-------- Task inputs

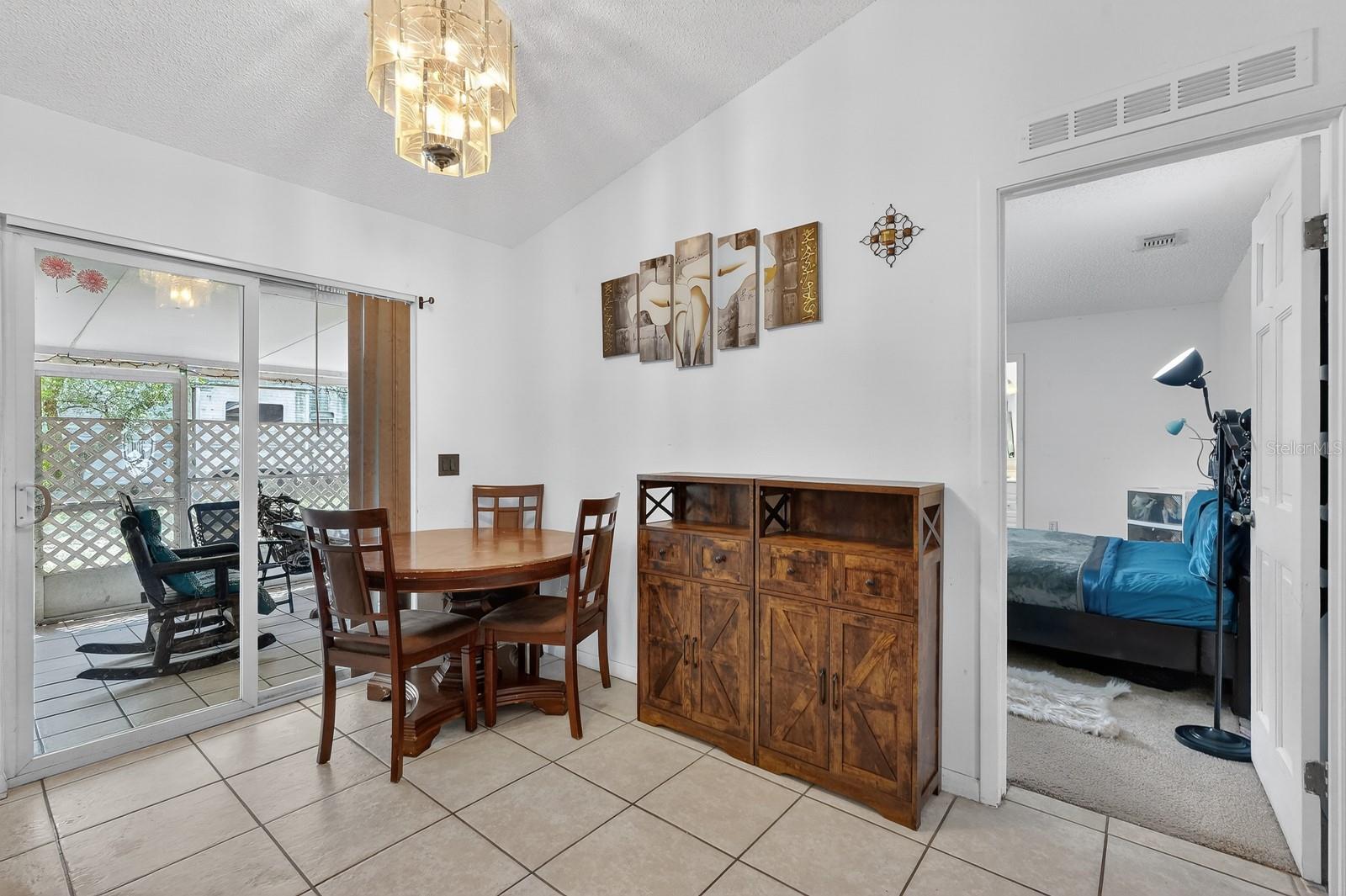 Image 13 of 36 For 2979 Chilton Street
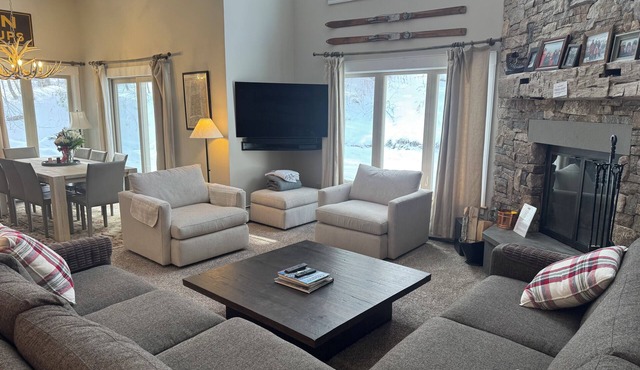 A1 Solitude.4 BDRM, ski in/out to main Solitude lift, pool/gym access. Parking!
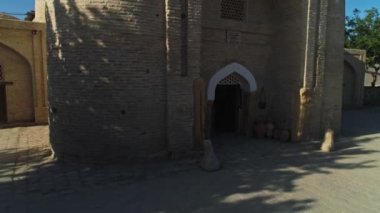 Chor Minor 'un etrafında bir dron uçuyor, Khalif Niyaz-kul' un Madrasah 'ı. Eski Buhara, Özbekistan. Güneşli bir yaz günü. Hava Görünümü.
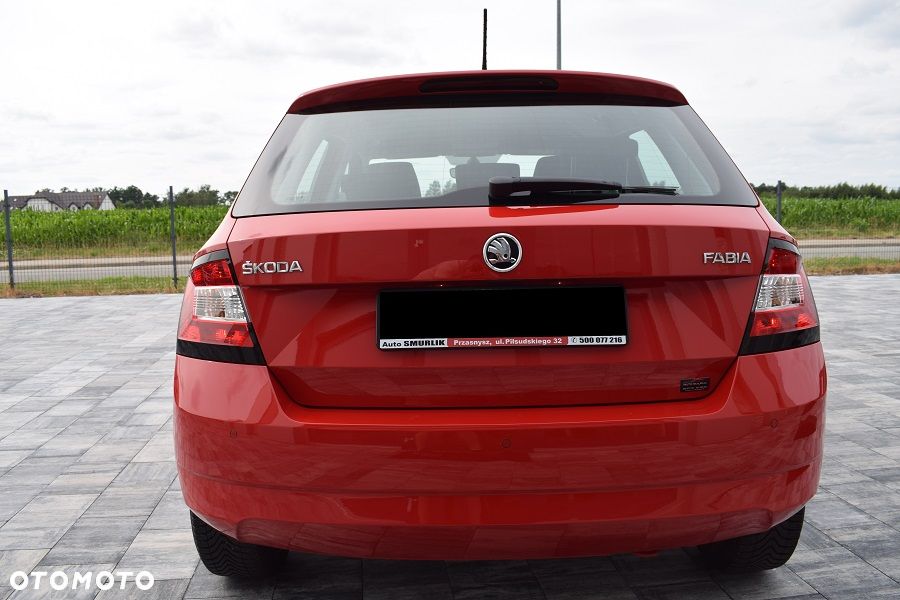 Skoda Fabia 1.2 TSI Cool Edition Red & Grey - 24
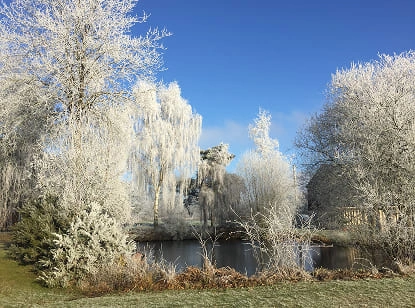 Vue du parc en hiver enneigé, au Domaine de la Ferme de Fourges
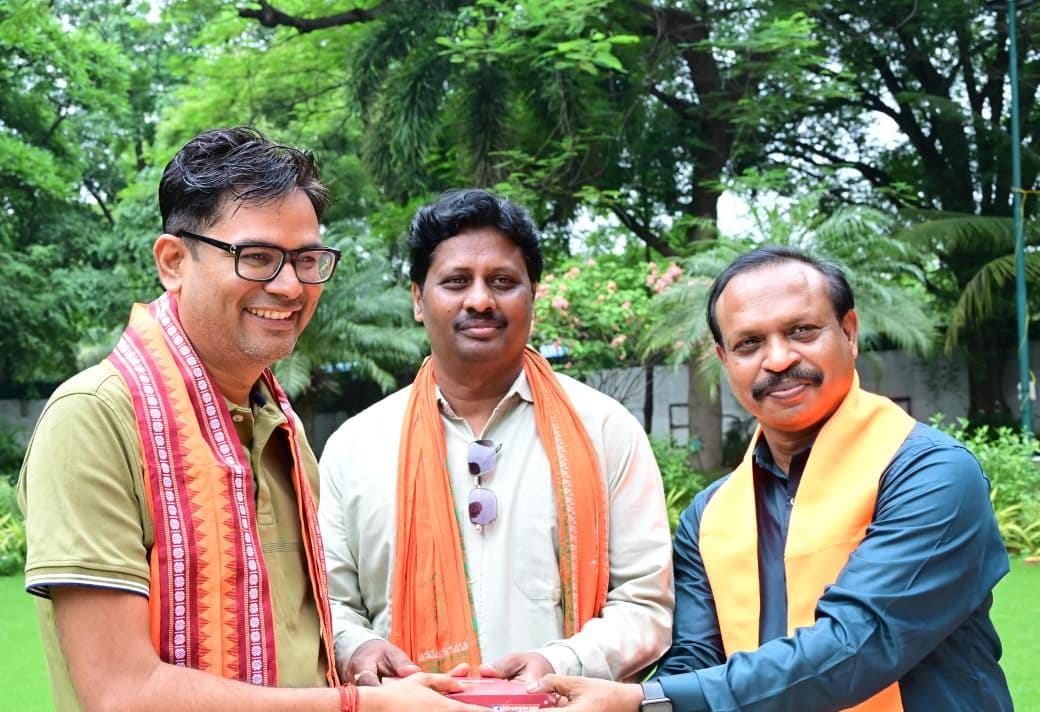रायपुर : वित्त मंत्री ओपी चौधरी से रायगढ़ के अधिवक्ताओं ने की आत्मीय मुलाकात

----------------

◆ What is needed ◆
Word for word, repeat only the lines from the line containing "Skoda Fabia 1.2" through the end of the data, without any pictures.

◆ Answer space ◆
 Skoda Fabia 1.2 TSI Cool Edition Red & Grey - 24
 Vue du parc en hiver enneigé, au Domaine de la Ferme de Fourges
रायपुर : वित्त मंत्री ओपी चौधरी से रायगढ़ के अधिवक्ताओं ने की आत्मीय मुलाकात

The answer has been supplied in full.